Aucun Allié n'envisage de relancer une course aux armements avec la Russie. On assiste plutôt à une diminution généralisée des dépenses militaires, phénomène encore exacerbé par la crise financière. La Belgique est en faveur de nouvelles mesures de désarmement et de transparence avec la Russie, notamment sur le plan des armes nucléaires tactiques.

Les décisions concernant l'installation du bouclier anti-missile ont été prises à Lisbonne et il n'est pas envisagé de les remettre en cause. Le Sommet de Chicago devrait simplement être l'occasion de constater l'existence d'une capacité initiale en matière de défense antimissile. La Belgique se réjouit de la grande transparence dont ont fait preuve les Américains concernant les capacités du système antimissile.

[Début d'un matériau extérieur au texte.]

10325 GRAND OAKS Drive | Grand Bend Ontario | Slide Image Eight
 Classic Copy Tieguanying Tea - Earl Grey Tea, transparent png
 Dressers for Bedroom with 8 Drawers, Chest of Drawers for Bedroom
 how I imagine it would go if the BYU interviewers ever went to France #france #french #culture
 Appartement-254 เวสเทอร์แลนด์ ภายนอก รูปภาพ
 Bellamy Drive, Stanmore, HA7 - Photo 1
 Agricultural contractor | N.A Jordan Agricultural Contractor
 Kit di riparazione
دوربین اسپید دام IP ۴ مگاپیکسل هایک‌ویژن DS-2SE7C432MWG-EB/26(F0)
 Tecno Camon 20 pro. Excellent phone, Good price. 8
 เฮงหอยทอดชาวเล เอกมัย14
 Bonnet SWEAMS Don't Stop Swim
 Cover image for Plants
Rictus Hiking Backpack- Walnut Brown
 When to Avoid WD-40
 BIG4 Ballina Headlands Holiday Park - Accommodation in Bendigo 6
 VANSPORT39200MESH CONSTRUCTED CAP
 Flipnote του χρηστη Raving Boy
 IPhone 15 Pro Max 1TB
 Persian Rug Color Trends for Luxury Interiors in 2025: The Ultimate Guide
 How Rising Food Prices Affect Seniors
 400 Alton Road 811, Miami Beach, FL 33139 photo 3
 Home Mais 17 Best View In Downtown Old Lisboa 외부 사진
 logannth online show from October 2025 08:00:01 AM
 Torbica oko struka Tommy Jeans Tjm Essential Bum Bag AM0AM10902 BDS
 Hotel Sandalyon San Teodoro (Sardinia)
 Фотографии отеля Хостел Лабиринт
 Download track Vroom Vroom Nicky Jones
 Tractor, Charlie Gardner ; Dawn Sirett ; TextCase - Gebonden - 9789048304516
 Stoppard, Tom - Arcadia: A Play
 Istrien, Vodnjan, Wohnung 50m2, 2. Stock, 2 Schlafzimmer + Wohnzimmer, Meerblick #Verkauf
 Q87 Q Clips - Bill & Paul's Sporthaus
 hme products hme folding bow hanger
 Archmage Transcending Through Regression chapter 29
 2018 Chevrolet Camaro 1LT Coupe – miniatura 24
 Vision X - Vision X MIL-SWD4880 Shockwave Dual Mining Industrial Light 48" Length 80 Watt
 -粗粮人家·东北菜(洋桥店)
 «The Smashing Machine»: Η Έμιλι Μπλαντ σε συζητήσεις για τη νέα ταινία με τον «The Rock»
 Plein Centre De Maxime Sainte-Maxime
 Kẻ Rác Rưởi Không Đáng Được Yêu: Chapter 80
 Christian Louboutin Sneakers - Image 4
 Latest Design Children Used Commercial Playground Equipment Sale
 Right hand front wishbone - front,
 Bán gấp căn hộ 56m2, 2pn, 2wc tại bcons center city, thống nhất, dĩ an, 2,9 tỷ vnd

Ces informations devraient selon nous suffire à rassurer Moscou sur le fait que ce système n'est pas dirigé contre eux et ne sera pas en mesure de menacer leur capacité de dissuasion nucléaire.

Les développements de ces derniers mois au Moyen Orient et en Corée renforcent la conviction des Alliés que le développement d'une capacité antimissile limitée pourra contribuer utilement à renforcer la sécurité de nos territoires et de nos populations. Je note en passant que plusieurs Alliés, notamment l'Allemagne, qui étaient sceptiques à l'origine par rapport à ce concept, s'y sont ralliés parce qu'ils considéraient que le développement d'une capacité défensive diminuerait l'importance accordée à la dissuasion nucléaire.